In erster Instanz waren die Journalist*innen im April 2019 zu jeweils 15 Monaten Haft verurteilt worden – bis auf Hüseyin Aykol. Der 68-jährige erhielt eine Freiheitsstrafe in Höhe von drei Jahren und neun Monaten. Das Gericht befand, dass die Angeklagten zum Ziel gehabt hätten, mit ihrer Tätigkeit für Özgür Gündem „Gewalt durch die PKK zu legitimieren und/oder deren gewalttätige Handlungen und Methoden zu fördern“. Somit hätten sie „Propaganda für eine terroristische Organisation“ betrieben. Die Verteidigung sprach von einer fingierten Anklageschrift und willkürlicher juristischer Schikane gegen die Pressefreiheit. Das Urteil des Berufungsgerichts war mit Spannung erwartet worden, weil es als richtungsweisend für Prozesse gegen andere symbolische Chefredakteur*innen der Özgür Gündem gilt.

Bereitschaftsjournalismus bei Özgür Gündem

Die Solidaritätskampagne „Bereitschaftsjournalismus“ war am 3. Mai 2016 ins Leben gerufen worden und dauerte bis zum 7. August desselben Jahres an. Insgesamt 56 Medienschaffende, Intellektuelle und Künstler*innen beteiligten sich daran. Gegen 49 von ihnen wurden Ermittlungen eingeleitet, elf Verfahren (gegen İhsan Eliaçık, Melda Onur, Sebahat Tuncel, Ahmet Abakay, Eşber Yağmurdereli, Hasip Kaplan, Işın Eliçin, Kemal Can, Mustafa Sönmez, Uğur Karadaş, Nurcan Baysal) sind eingestellt worden. Gegen 38 Kampagnenteilnehmende wurde auf Grundlage des sogenannten Terrorbekämpfungsgesetzes Nr. 3713 Anklage erhoben, 34 erstinstanzliche Urteile liegen bislang vor. Im Fall der Schauspielerin Deniz Türkali hinderte allerdings die Verfolgungsverjährung die Strafverfolgungsbehörden an weiteren Ermittlungen. Das Strafverfahren musste eingestellt werden. Einige der Betroffenen sind jedoch auch im Özgür-Gündem-Hauptverfahren angeklagt, darunter die Menschenrechtsanwältin und IHD-Vorsitzende Eren Keskin.
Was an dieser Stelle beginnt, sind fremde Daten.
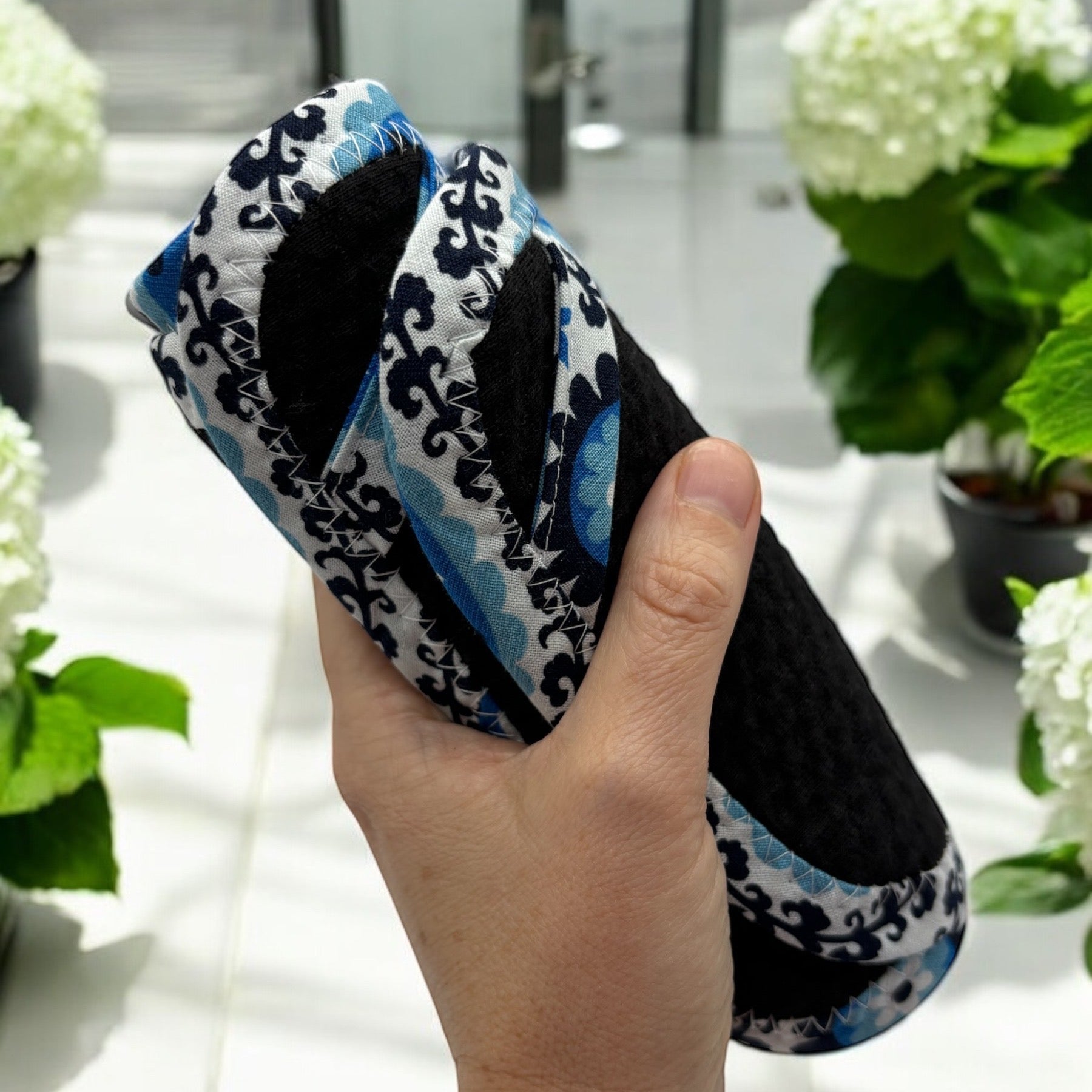 Set of 2 Reusable STANDARD Paper Towels -Mandala on Black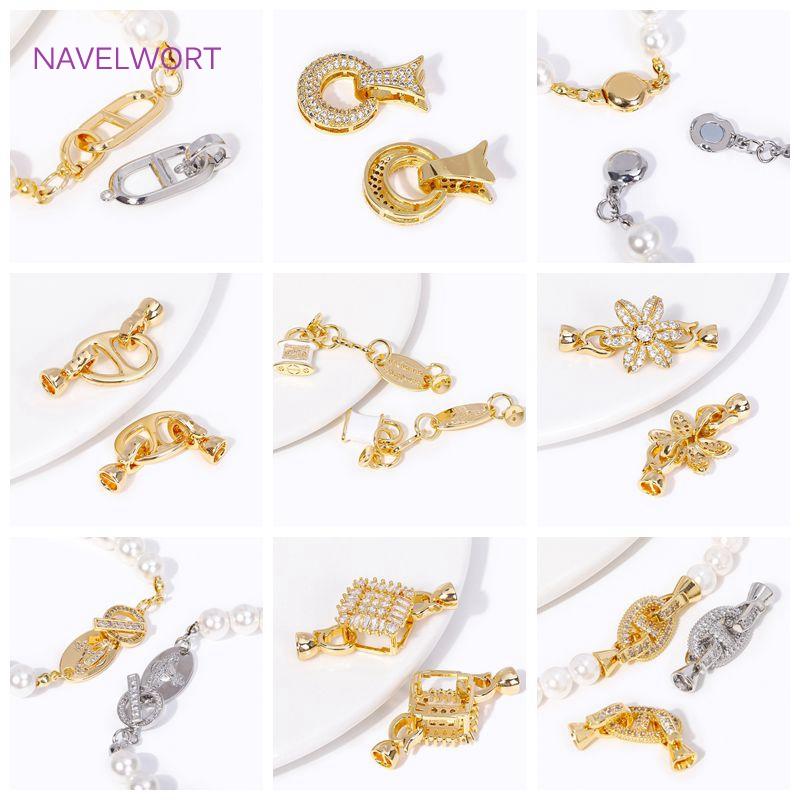 18K Gold Plated Oval Pearl Clasp For Bracelets,Brass Connector Fastener For Jewelry Making Supplies,DIY Jewelry Accessories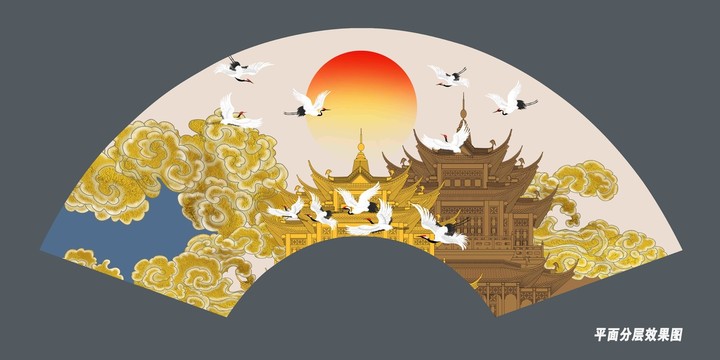 折扇祥云閣樓插畫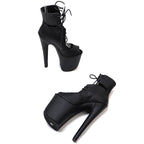 Snake Print Open-Toe Platform Boot – 8 Inch Heel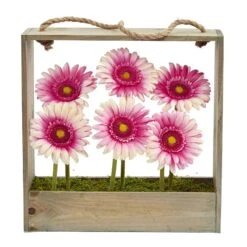 Gerber Daisy Garden In Hanging Frame -Artificial Flowers Sale artificial gerber daisy garden in hanging frame nearly natural 938057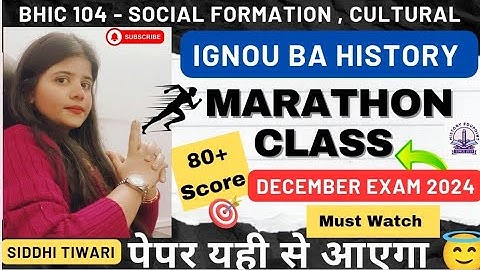 BHIC 104 Marathon Class for December Exam 2024| IGNOU BA History #siddhitiwari#ignouclasses #history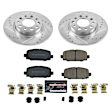K7736 Rear Brake Disc and Pad Kit, Silver zinc-plated, Cross-drilled and Slotted, 5 Lugs, 278 mm, Carbon Fiber Ceramic, Z23 Evolution Sport Series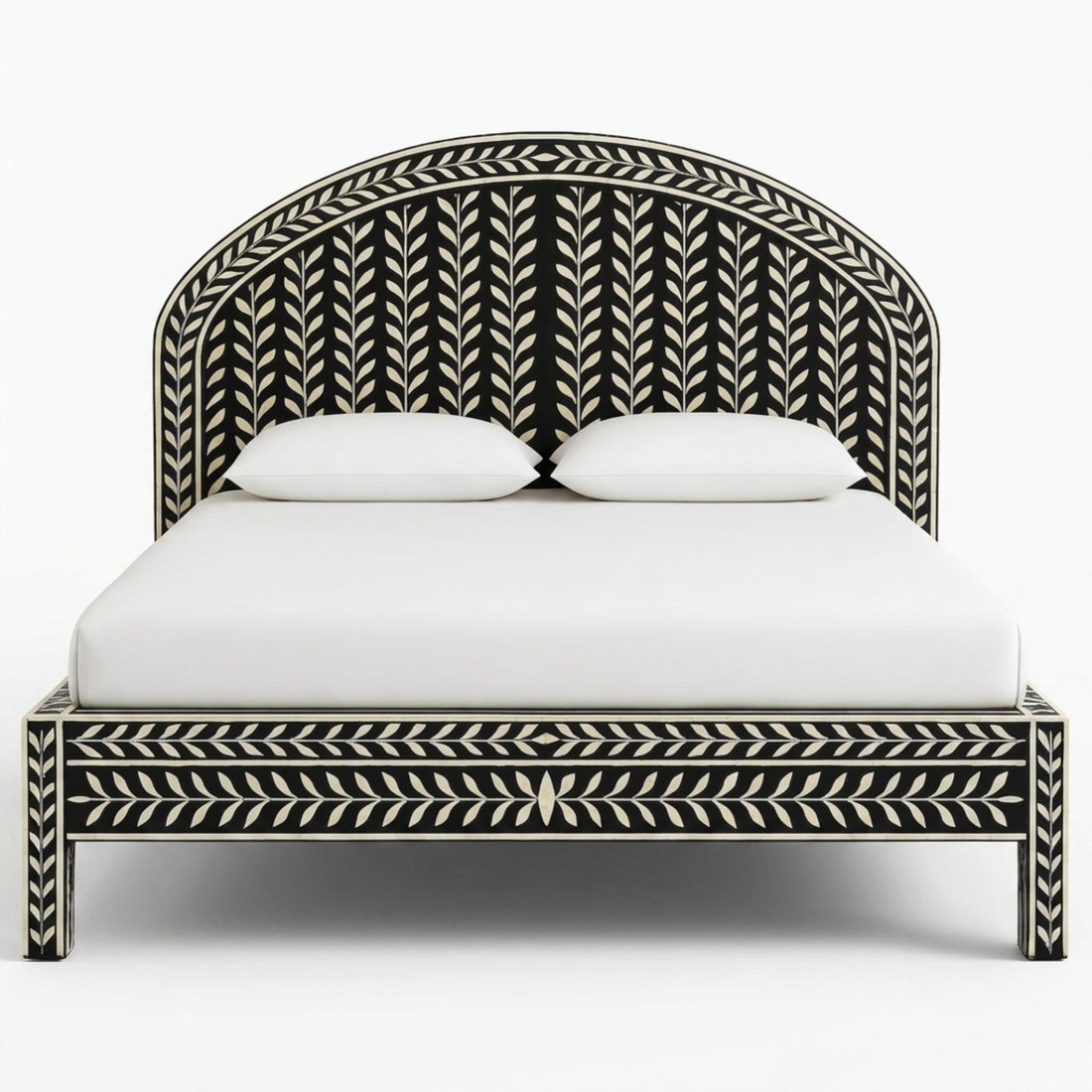 Black & White Bone Inlay Arch Bed | Handmade Luxury Bed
Kampagne Bereitschaftsjournalismus, ganz rechts im blauen Shirt ANF-Rojava-Korrespondent Ersin Çaksu

Türkei – größtes Gefängnis für Journalisten

Die Türkei gehört weltweit zu den repressivsten Staaten gegenüber Medienschaffenden. Der in Amed ansässige Journalistenverein Tigris-Euphrat (Dicle Fırat Gazeteciler Derneği, kurz: DFG) wies jüngst in seinem monatlichen Bericht zum Zustand der Pressefreiheit in der Türkei darauf hin, dass sich mit Stand vom 4. September 95 Medienschaffende in türkischen Gefängnissen befinden.